The plaintiffs sued for and on behalf of the Ogunloye family of Agboyi Village and the defendants are sued in their own personal capacities. In the Statement of Claim the plaintiffs claimed that they are “the traditional owners of Agboyi Village and its environments from time immemorial.”

On the basis of this averment the plaintiffs claimed to have let some portions of the Village Farm to tenants for the purpose of cutting firewood therefrom. According to the plaintiffs they had been collecting rents from the tenants until they were disturbed in 1959. It was also averred by them that in 1958 one Bata Ajiboye who was then the Head of Odoyi Family at Agboyi Village sued three members of the present plaintiffs’ family individually for trespass and damages in Suit AB/53/58 and it was alleged that the claims in that suit were dismissed.

The plaintiffs also averred that since the judgment in the suit aforementioned, they had not been disturbed from 1961 until sometime in 1969 when their tenants ceased paying rents to them on the allegation that the defendants had forced them (tenants) to be paying rent to them (defendants) and it was for this that the plaintiffs had filed this action.

The defendants, in their Statement of Defence, denied the allegation of the plaintiffs and claimed ownership of Agboyi Village through settlement by their ancestors, and averred that it was their ancestors who brought Ogunloye to Agboyi and permitted him to live on a portion of the land.
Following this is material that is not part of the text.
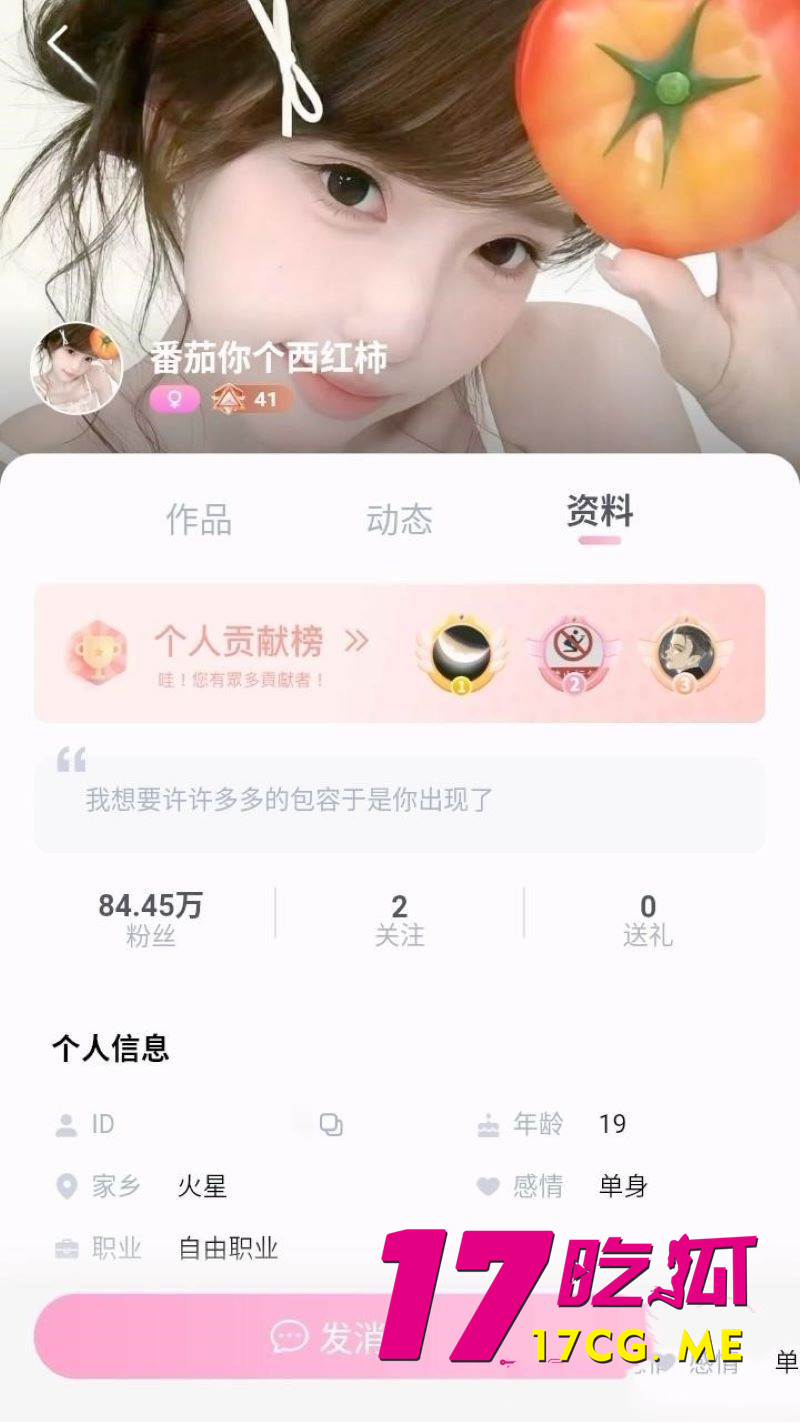 DM_20260131153729_001_副本.jpg DM_20260131153729_001_副本.jpg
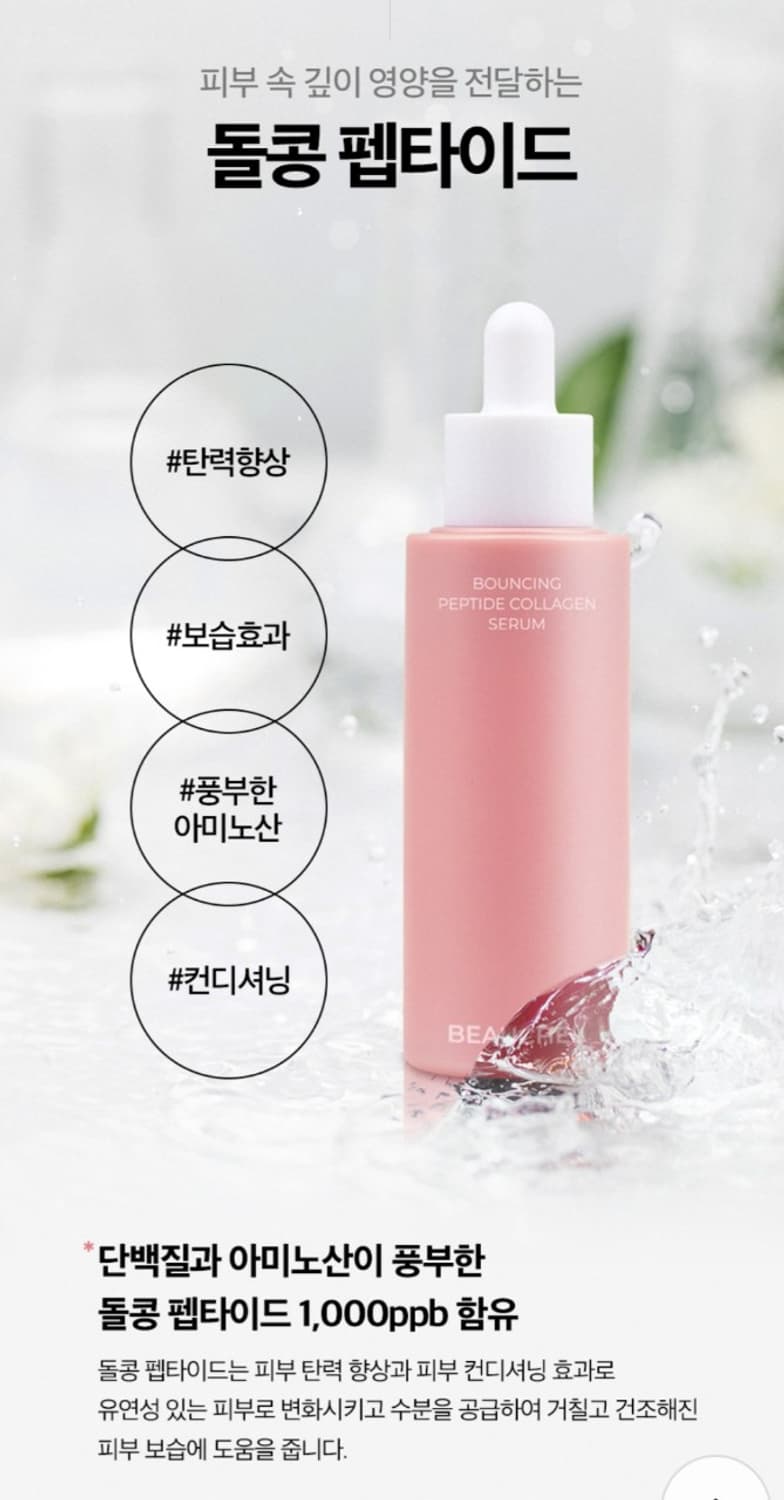 유니베라 뷰첼 바운싱 펩타이드 콜라겐 7종 선물종합세트  쇼핑백증정 미백 상품이미지5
They claimed that there is a Communal Land in Agboyi which consists of:-
(a)    Ito Ogun
(b)   Ito Asan
(c)   Ito Kurudu
(d)   Ito Balegin
(e)   Ito Asuni
(f)    Ito Agboyi

The defendants claimed that Agboyi originally belonged to the Odoyi the first settler who migrated from Ile-Ife several years ago and founded Agboyi. They also claimed that Agboyi communal land as comprising six Itos belonged originally to Odoyi. The defendants also claimed that the plaintiffs are Ijebus and not Aworis and that their ancestors came from Ijebu Ode near Ikorodu.

Several other averments were made as to the shrines on the land which were being kept by the defendants. The defendant claimed that the plaintiffs and their ancestors were the tenants of Chief Oloto and Alhaji Ashafa of Lagos, in respect of an area of land in Ifako and that it was from that area that the plaintiffs were cutting materials for mats, and that this area is quite different from Agboyi land. With regards to tenants on the land, the defendants claimed that they had for the past 40 years had been tenants on the land and that the rents had been paid to the Chiefs and elders of Agboyi, that is, the present defendants and their predecessors, and that such rents were used for communal benefits, traditional sacrifices to their god, and for the general improvements of Agboyi land.

They also claimed that when the plaintiffs attempted in 1969 to lease Agboyi land to tenants they protested and that after the intervention of the Police and some important people the plaintiffs agreed to stop leasing Agboyi land without the consent of the defendants. They also claimed that the plaintiffs brought their six tenants before the Bale and the Agboyi chiefs and instructed them that they should pay their rents to the defendants. The defendants, however, said that they do not know Ore, Oro, Ayo and Azikiwe and so do not collect any rents from them.

See also  Halima Hassan Tukur V. Garba Umar Uba & Ors (2012) LLJR-SC

Evidence was led by both parties to support their traditional history and the plaintiffs led evidence with regards to rents which they claimed were entitled to be paid to them. It must here be stated that although the plaintiffs claimed that they had six tenants on the land paying rents to them, the only witness called to support that averment was one Ijebu Igbo whom they had previously claimed to be one of their tenants.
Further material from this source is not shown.